- Dataset excerpts:

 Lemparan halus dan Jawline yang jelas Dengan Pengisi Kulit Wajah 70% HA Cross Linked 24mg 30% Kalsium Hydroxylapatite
==
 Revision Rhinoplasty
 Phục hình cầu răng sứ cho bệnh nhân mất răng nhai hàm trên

- What the exercise asks: When you reach the line containing "Revision Rhinoplasty" in the data above, start copying exactly, and stop after the line containing "Phục hình cầu".

- Exercise solution:
 Revision Rhinoplasty
 Phục hình cầu răng sứ cho bệnh nhân mất răng nhai hàm trên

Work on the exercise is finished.